Aksi serempak secara sistematis dan perlawanan rakyat seperti sekarang dengan issu utama keracunan makanan dan minuman oleh TNI/POLRI merupakan kemenangan rakyat dan OPM. Kedepan harus dikembangkan lagi penggalanagan massa hampai ke akar rumput, dari kampung-kampung samapai ke kekota, di seluruh tanah jajahan, Papua Barat, bukan tidak mungkin terjadi revolusi. Tinggal bagaimana menggalangnya adalah tugas dan tanggung jawab bersama kita.
4. Kesimpulan
Pelanggaran HAM berat di Abepura, kalau kita memiliki jaringan oraganisasi perlawanan sampai masyarakat akar rumput, sudah harusnya di bangun dan mungkin sudah lama revolusi harusnya. Sekarang saja hanya dengan issu sama atau lain yang intinya memojokkan akan ketidaksukaan atau menolak kehadiran TNI/POLRI di Tanah Papua Barat terus diusahan dan dikembangkan pada sektor lain.

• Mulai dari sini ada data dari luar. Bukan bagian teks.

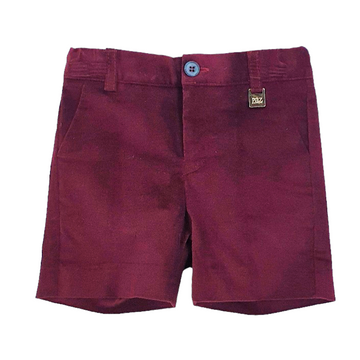 Pantalone corto in velluto raso Paz Rodriguez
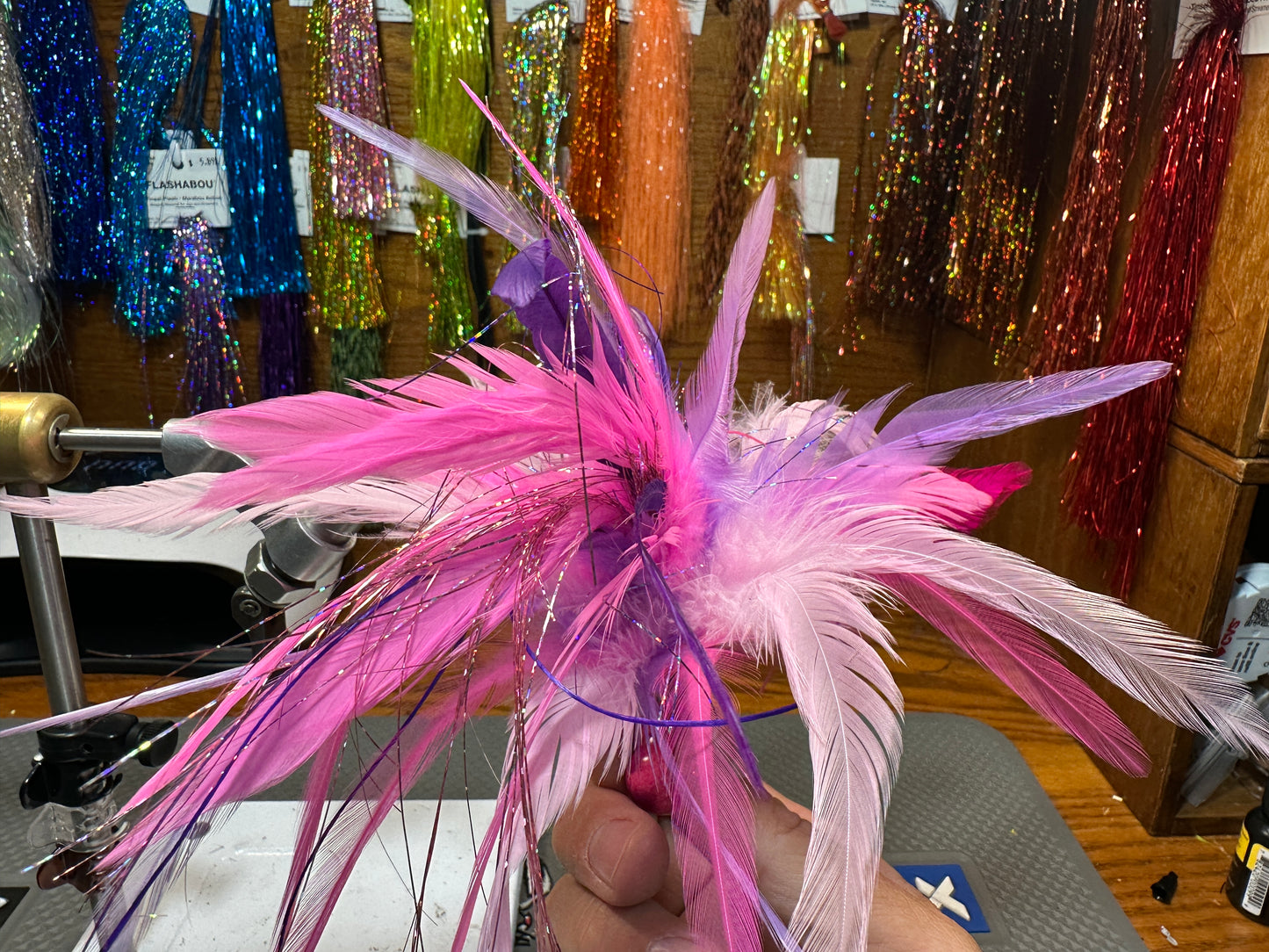 Feathered Cobia Jig - Pastel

Jika terjadi semacam pendidikan politik secara merata bagi penduduk dan semua orang Papua termasuk pemerintah daerah sebagai tangan panjang Jakarta-Indonesia (walau mereka semua tetap OPM), sebenarnya bagus hanya kehadiran pasukan non organic militer Indonesia tidak banyak kemampuan birokarat kita mau kompak dengan rakyat dan mahasiswa Papua.